▶ **TASK INSTRUCTIONS**: Copy exactly, and only, the lines from the one with "German Shepherd Meets" to the end of the listing; omit pictures.

▶ **DATA RECORDS**:

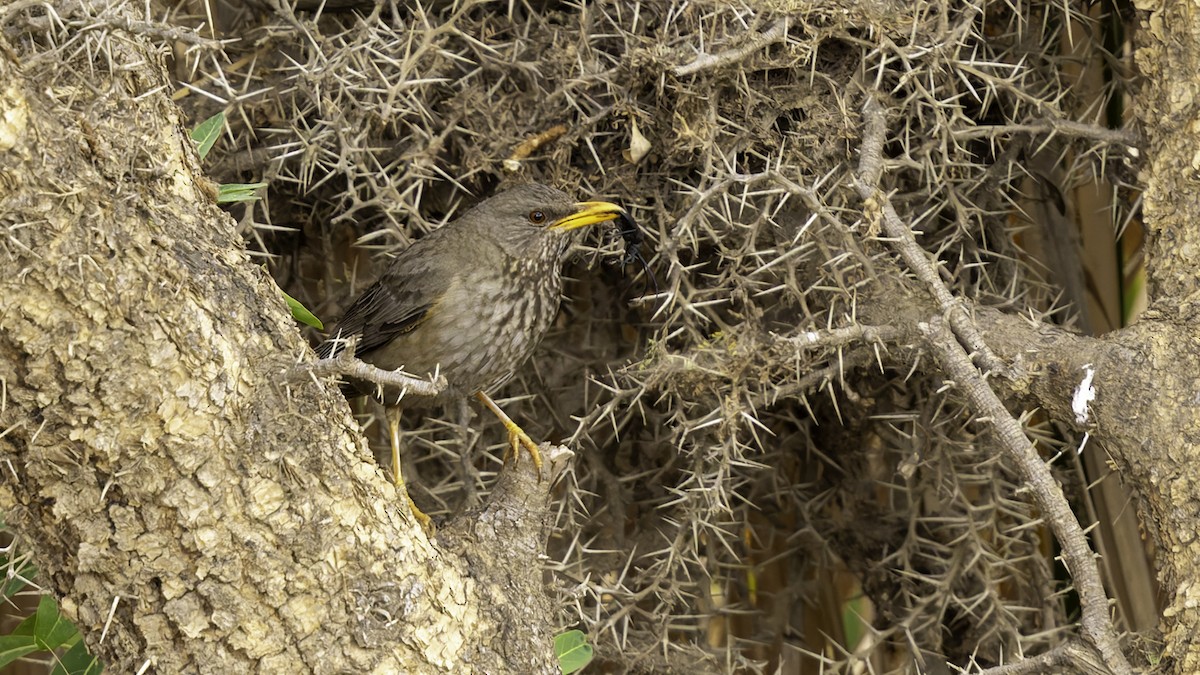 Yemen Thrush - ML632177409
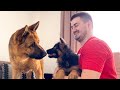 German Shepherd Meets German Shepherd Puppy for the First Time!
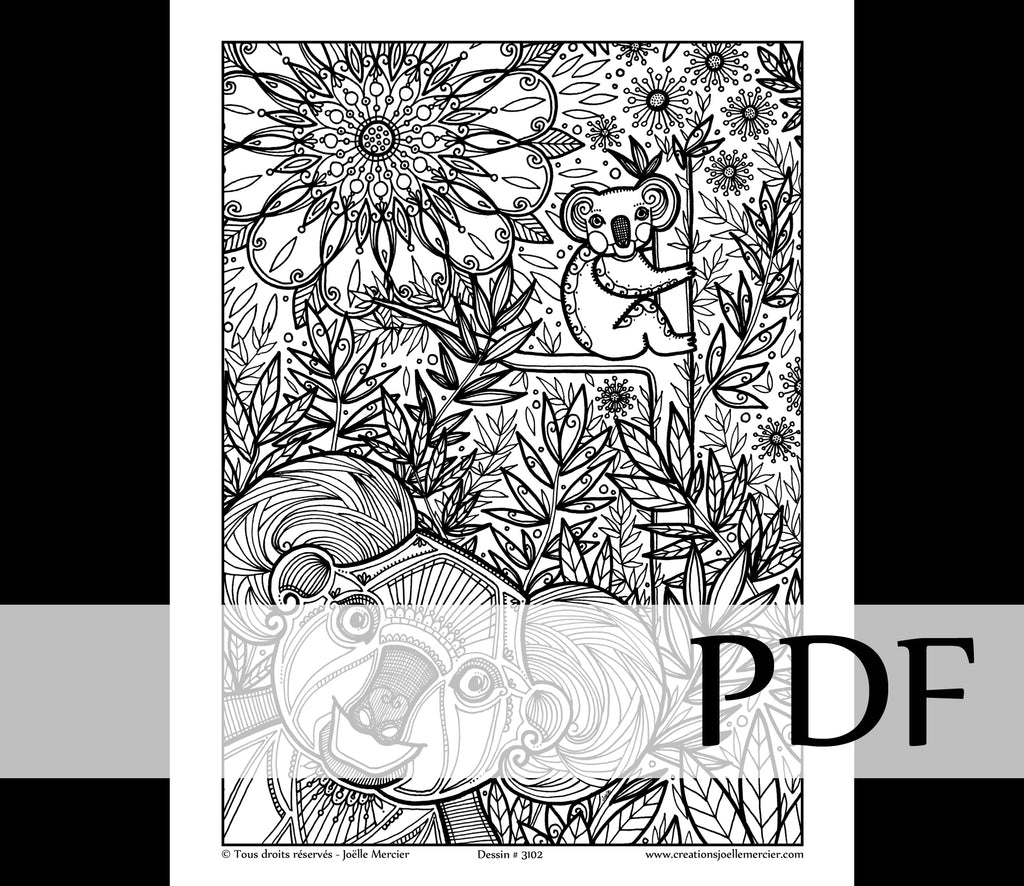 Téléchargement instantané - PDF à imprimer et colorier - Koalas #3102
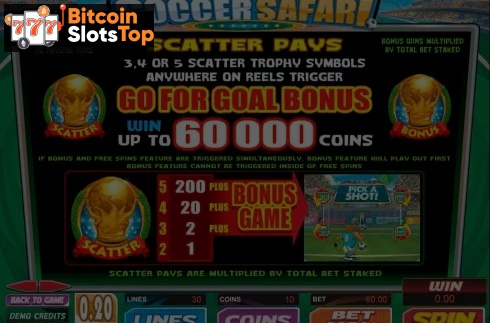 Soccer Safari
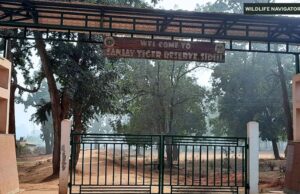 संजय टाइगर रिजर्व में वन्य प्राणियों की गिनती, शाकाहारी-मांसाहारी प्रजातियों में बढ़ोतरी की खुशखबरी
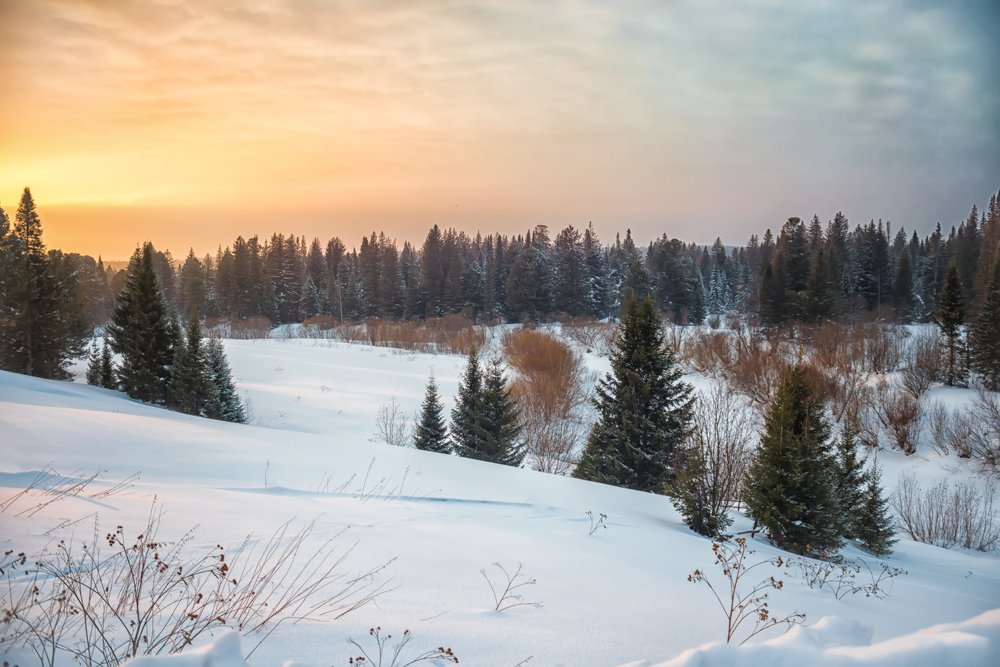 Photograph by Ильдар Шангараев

▶ **RESULT BELOW**:
 German Shepherd Meets German Shepherd Puppy for the First Time!
 Téléchargement instantané - PDF à imprimer et colorier - Koalas #3102
 Soccer Safari
 संजय टाइगर रिजर्व में वन्य प्राणियों की गिनती, शाकाहारी-मांसाहारी प्रजातियों में बढ़ोतरी की खुशखबरी
 Photograph by Ильдар Шангараев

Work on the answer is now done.